В своей записке «О воспитании» Корнилович предлагал правительству заняться последовательной пропагандой преимуществ самовластия перед всеми другими формами государственного устройства. Имея в виду своих читателей, Корнилович пишет, что в сущности нет надобности это доказывать, ибо «любовь к существующему правительству», основанная «на убеждении, что оно превосходит все прочие роды правления», должна быть внушена воспитанием с детства, так как «есть предметы, коих нельзя объяснить удовлетворительно отвлеченностями, потому что они не суть творения ума человеческого, а проистекают от самой природы вещей. К таковым предметам принадлежат понятия о неограниченных монархиях».

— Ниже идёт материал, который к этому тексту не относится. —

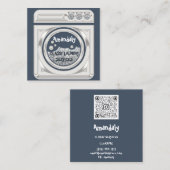 洗濯機家庭用クリーニングQRコードロゴ スクエア名刺 (正面/裏面)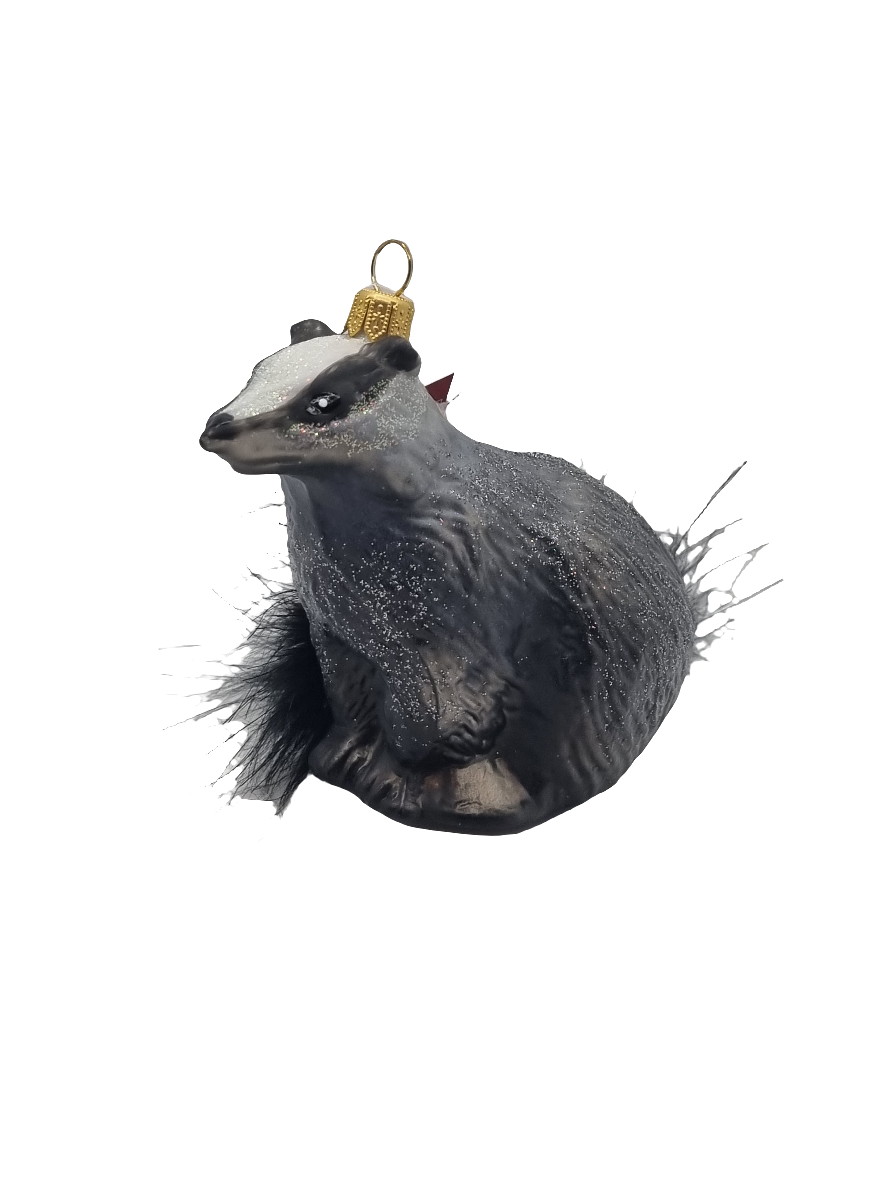 European Glass Christmas ornament of a Badger (T)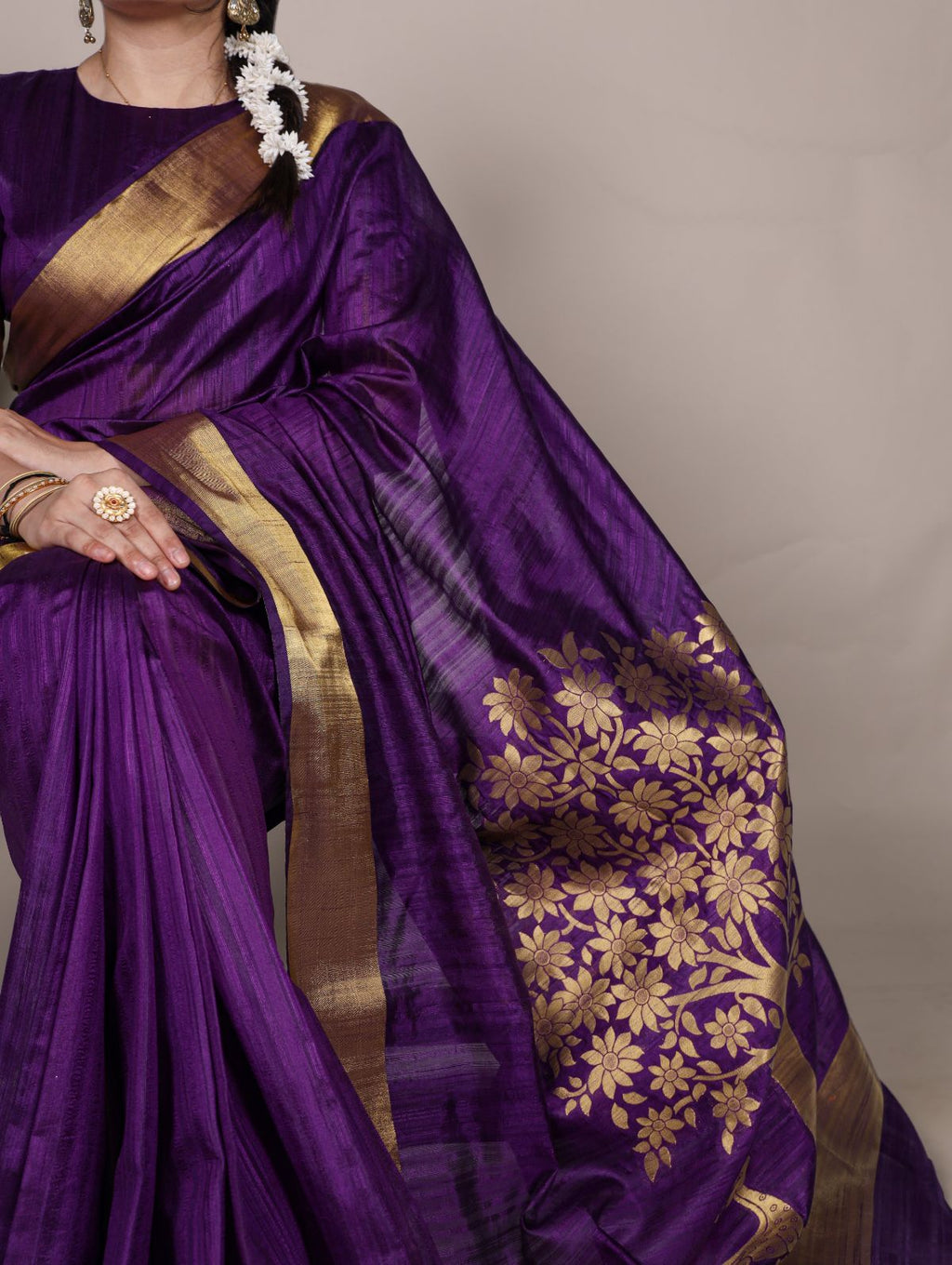 Purple raw silk zari weaving saree with unstitched blouse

Выдвинув столь неотразимый аргумент в пользу «существующего правительства», Корнилович вынужден, как он сам пишет, считаться с тем, что молодое поколение испытывает на себе влияние современной западной литературы, внушающей ему иные понятия: «Мы по бедности нашей литературы прибегаем к сочинениям иностранным и при настоящем направлении умов в Западной Европе получаем между прочим несогласные с духом нашего правления понятия, на кои бросаемся с жадностию, привлеченные их новостию и наружным блеском».
В качестве противоядия этим «западным» идеям Корнилович предлагает поручить кому-либо написать книгу, в которой «разобрать историю какого-нибудь свободного правления, на примере Великобритании с 1688 года, эпохи, с которой нынешняя ее конституция возымела полное свое действие, раскрыть недостатки оного и, основываясь на фактах, показать, что свобода и представительство, которыми хвалятся англичане, заключаются в одних только формах...».
Далее он подробно развивает свою критику английской парламентской системы в духе, очень напоминающем соответствующие высказывания Пушкина в середине 30-х годов. Характерно, что эту книгу Корнилович считает нужным осуществить в форме, напоминающей один из эпизодов пушкинского «Путешествия из Москвы в Петербург». У Пушкина в черновой редакции главы «Подсолнечная» находится разговор с англичанином, в котором иностранец доказывает русскому путешественнику превосходство положения русского крестьянина над положением «английских фабричных работников». Корнилович до такой парадоксальной ситуации не дошел; предложенная им книга должна была быть написана «в виде беседы с каким-нибудь англичанином; вложить в его уста все похвалы, расточаемые свободным правлениям, и опровергнуть их фактами...».
Сопоставление идей и прогнозов Корниловича с историко-политическими взглядами Пушкина можно было бы продолжить. То, что мы показали, дает, как нам кажется, новый материал для более общей и более важной темы - об эволюции политических позиций Пушкина в начале 30-х годов и о сложном взаимодействии в них наследия декабризма и воздействия новой общественно-политической ситуации.
Разумеется, помимо этой первоочередной задачи нашей науки - изучения политических взглядов Пушкина, для которого наша статья дает новый и показательный материал, - научно-литературное творчество Корниловича позволяет поставить на конкретную почву и проблему просветительских истоков декабристской идеологии, проблему, уже в нашей науке разрабатывавшуюся, но по-прежнему требующую к себе внимания.